The Solar System might be a soggier place than we previously thought – even in the glacially cold reaches of the Kuiper Belt. There, dwarf planet Pluto could be harbouring liquid oceans under a shell of nitrogen ice.
The smooth region of the Sputnik Planitia can be seen on the right. (NASA/JHUAPL/SwRI)
The Solar System might be a soggier place than we previously thought – even in the glacially cold reaches of the Kuiper Belt. There, dwarf planet Pluto could be harbouring liquid oceans under a shell of nitrogen ice.
It was thought that the temperature required to maintain a liquid ocean on Pluto was too high for the thick ice to remain unmelted, but Japanese astronomers have found a new possibility: A layer of gas under the ice and above the liquid, insulating the two from each other, and allowing them to coexist.
This could help solve the gravity anomaly detected by the New Horizons probe in the form of the Sputnik Planitia, with its equatorial location and low topography, suggesting a liquid ocean underneath.

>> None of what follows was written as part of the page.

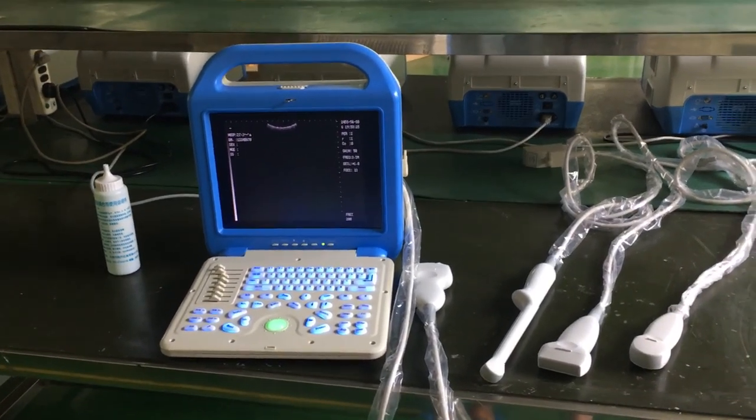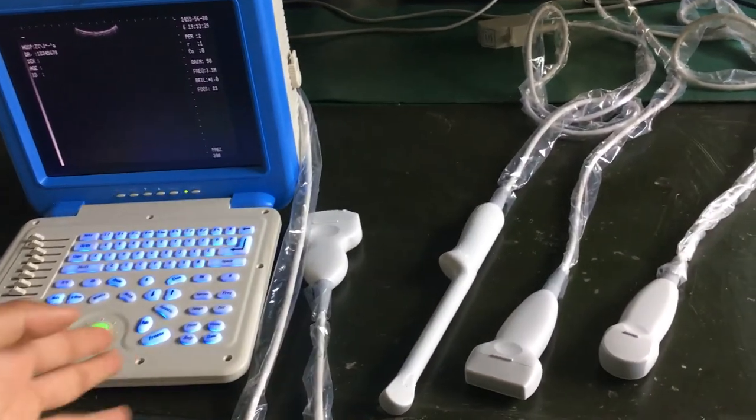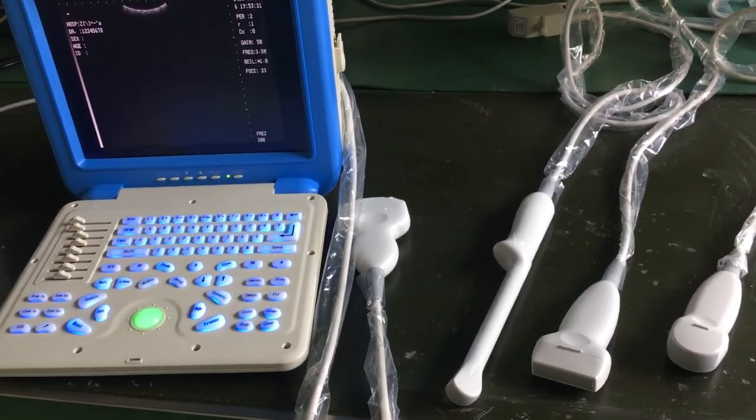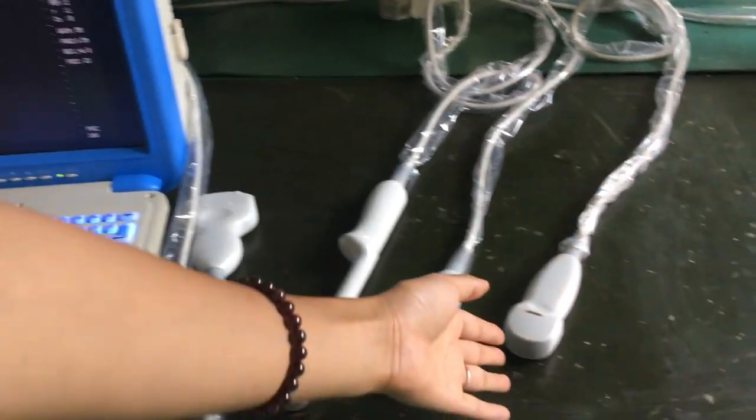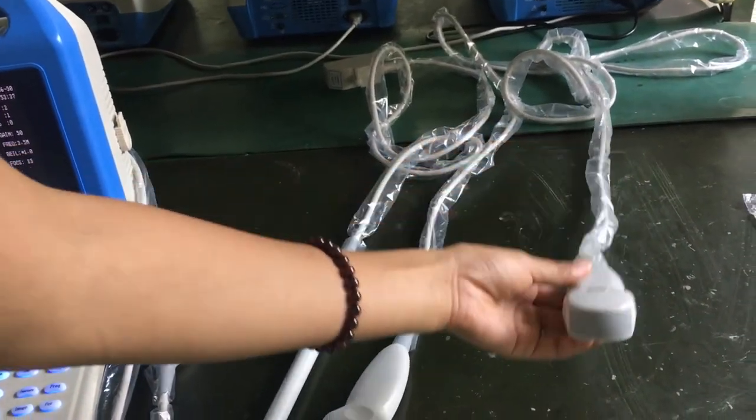Today we show this machine for human use. This machine can connect four different probes. The micro-convex probe is for heart use and small part use.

A liquid ocean underneath Sputnik Planitia could also explain tectonic features on the planet. And yet, based on Pluto’s age and location, scientists expected that all liquid should have frozen solid.
“To maintain an ocean, Pluto needs to retain heat inside. On the other hand, to maintain large variations in its thickness, Pluto’s ice shell needs to be cold,” the researchers wrote in their paper.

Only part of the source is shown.